Calm Curation

Reflection of Klemmer, S. R., Thomsen, M., Phelps-Goodman, E., Lee, R., & Landay, J. A. (2002, April). Where do web sites come from?: capturing and interacting with design history. In Proceedings of the SIGCHI conference on Human factors in computing systems (pp. 1-8). ACM.

Summary:

The goal of the research is to support web designers to express intermediate representations of a website that usually gets lost during the design process and to provide a unified way to manage different variations. To that end, the paper presents a system which is a “wall-scale” (large scale) board where there are two cameras to track the physical objects attached to the board. This means that any paper in the physical world could become an input in the digital word. The system supports three different interaction affordances including project timeline visualization (called “main timeline”), individual object’s timeline (“local timeline”) and milestone tracking (called “synopsis view”). They conducted a small-scale user study where the users found most of the features useful but wanted calmer interaction as some of the features were distracting.

My Reflection:

It was a shorter paper and felt a lot of things were rushed. Some of the authors had previously published findings from a field study and this paper builds upon that. It could be the reason why I felt that it was a little short. However, I feel there are several things that are worth discussing.
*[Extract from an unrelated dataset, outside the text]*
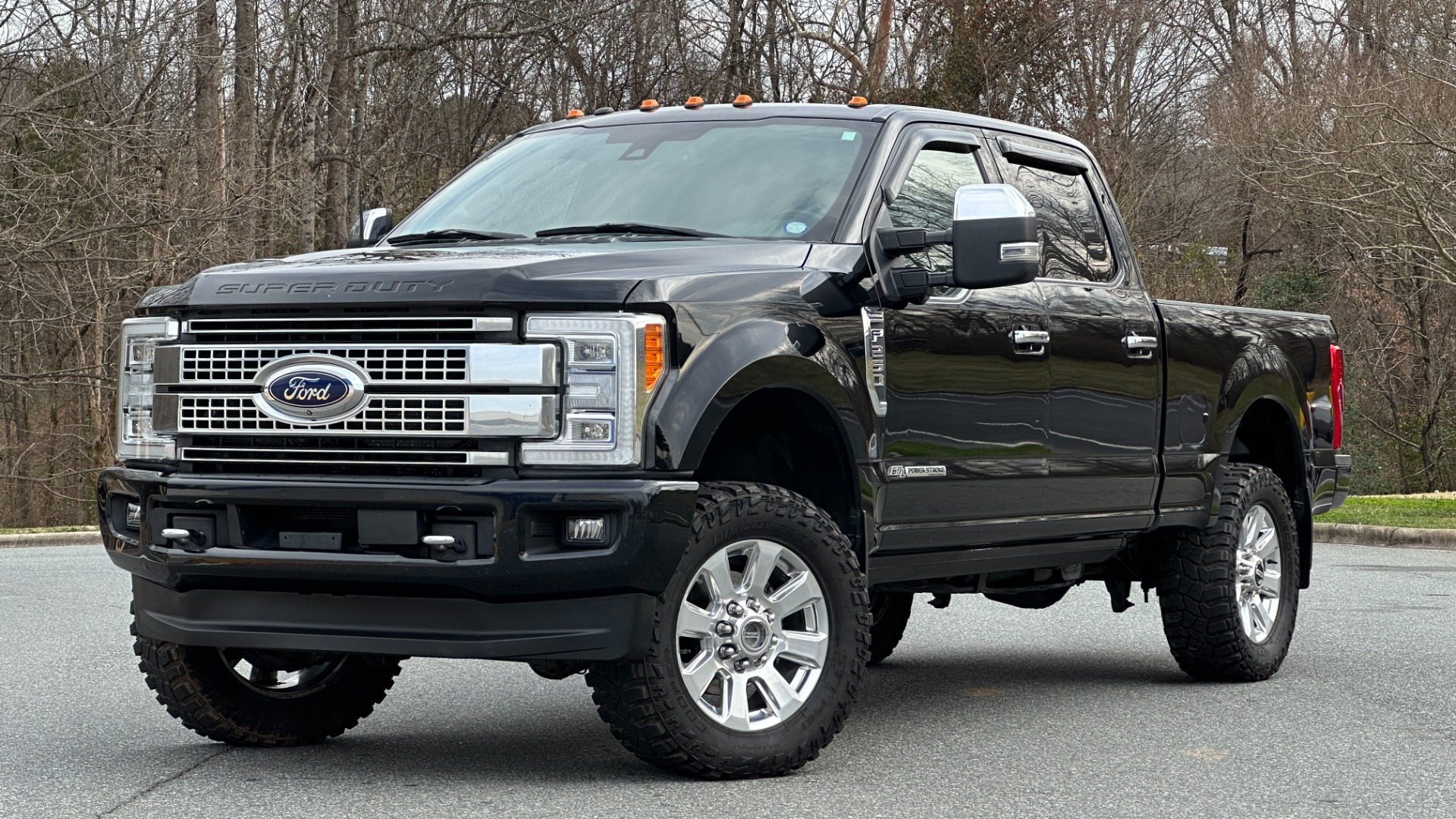 Used 2017 Ford Super Duty F-250 SRW PLATINUM / ULTIMATE PACKAGE / FX4 OFFROAD / 6.7L POWERSTROKE DIESEL for sale Sold at Formula Imports in Charlotte NC 28227 1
Web curation is an interesting field. The paper is right on target when it claims that designers want all their intermediate steps so that they can reflect upon their design rations. Curation allows that reflective process. There has been work since then looking at curation as a way to support reflection, live collaboration, online learning (e.g. Andruid Kerne’s lab’s work). All of these rely on being able to extract meaningful information from the artifacts. For example, building on this paper, annotating notes at different levels (post-it objects, sessions, multiple-sessions, entire timeline) may help but that requires another level of reflection which may not always be practical. It especially becomes critical in larger collaborative projects when there are a lot of artifacts that have accumulate over a long period of time.

Then there is a further need to balance the overwhelming information with, what the authors of this paper call, “calm interaction”. Given that design is an inherently subjective practice, a system cannot impose meaning upon the artifacts without being in the way. In this paper’s case, the hindrance was due to things like constantly updating thumbnails. There has to be a balance between the system scaffolding curation and imposing unnecessary burden. This may differ between individuals and groups and so it may have to be adaptive to it.

To end this note, I would like to just express my amazement at seeing how ideas come around in circles. In 2002, Klemmer et al. proposed web curation through whiteboards using two cameras. In 2019, while technology has changed drastically and the scales may have changed, the problems remain similar (as we see with Kerne’s work). Collaboration, was, is, and dare I say, will always be, a challenging problem.